From Publishers Weekly
During early September 2001, federal and state law enforcement agents staked out a farm in rural southwest Michigan. By the time they departed, farm owner Tom Crosslin and his life partner, Rollie Rohm, had been killed by government bullets. Los Angeles journalist Kuipers, who grew up 20 miles from the shootings, explains how and why the two men ended up dead in his third book (after
I Am a Bullet). Crosslin, a brawler by nature but also an astute businessman in rural real estate, founded the farm in 1993 as a refuge for marijuana smokers, disaffected gays, lovers of live musical performances and libertarians. Rohm's 11-year-old son by a previous heterosexual marriage also lived on the farm. Prosecuting attorney Scott Teter, unwilling to accept the illegal substance use on the land, charged Crosslin and Rohm with growing marijuana in their home, tried to place Rohm's son with a social services agency and began proceedings to confiscate the land. But he met resistance from Crosslin and Rohn, who decided to destroy the property by fire. Drawing on extensive interviews, government documents and news coverage, the author verges on portraying the prosecutor as evil incarnate. But Kuipers doesn't cross the line from sound journalism into advocacy, while letting the story unfold through superbly detailed characterizations and skillful pacing.
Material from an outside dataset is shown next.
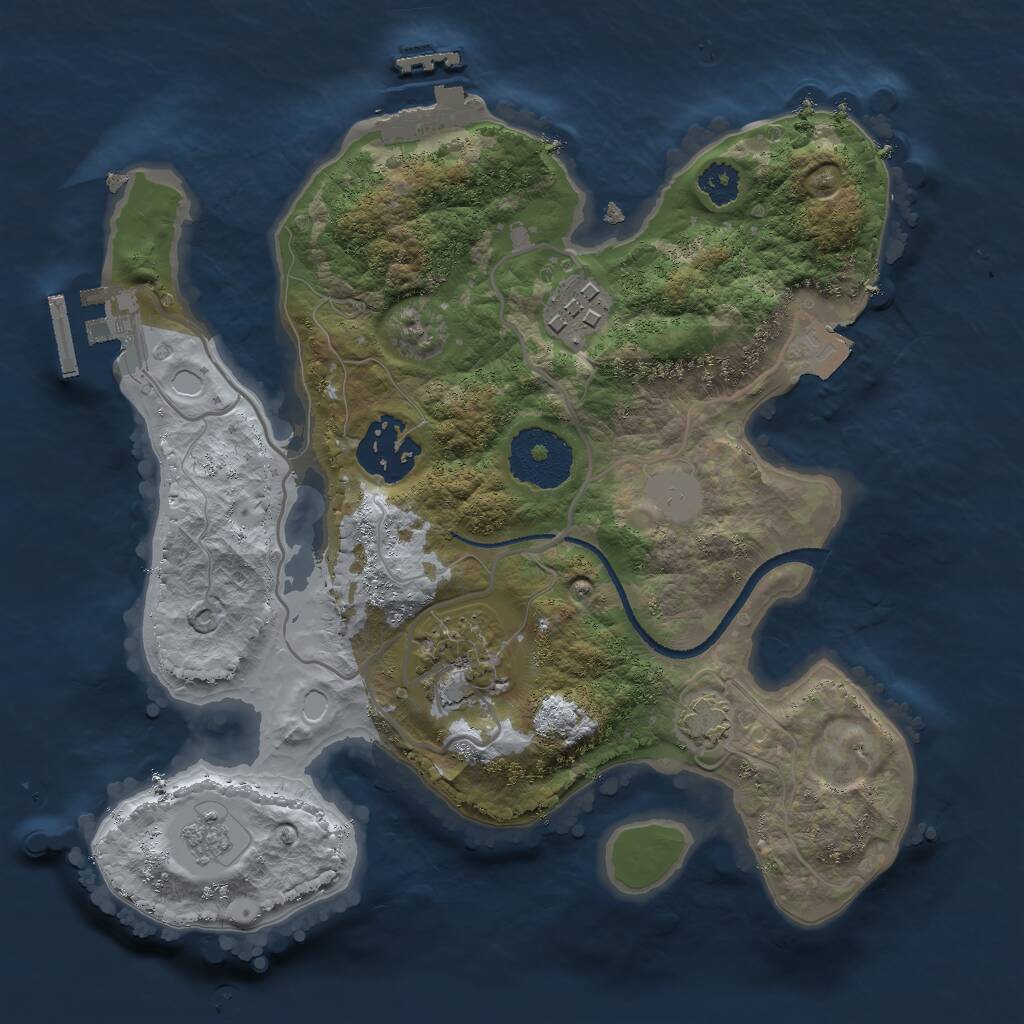 Rust Map: Procedural Map, Size: 2500, Seed: 5241, 8 Monuments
(July) Copyright © Reed Business Information, a division of Reed Elsevier Inc. All rights reserved.
From Booklist
Tom Crosslin and Rollie Rohm were lovers who wanted to create a refuge for counterculture, libertarian types, including gays, live music aficionados, and pot smokers. Their Burning Rainbow Farm quickly achieved fame among those constituencies in their little corner of southwest Michigan. But when crusading DA Scott Teter decided that the specter of peaceful people smoking ganja was a public affront, matters took a decidedly unmellow turn. Teter succeeded in placing Rohm's adolescent son with social services, and confiscation proceedings were brought against Crosslin and Rohm's land. Teter also charged the men with growing marijuana and sought their incarceration. Before that happened, Crosslin and Rohm torched the farm and somehow were shot dead by government agents. Was this really necessary? Kuipers, whose sympathies are as clear as his prose is objective, interviewed locals, g-men, and former farm habitues in pursuit of answers. A cautionary tale for social revolutionaries and a case history of a single-minded prosecutor's aggressiveness, this is of special interest to pop-culture and gay studies.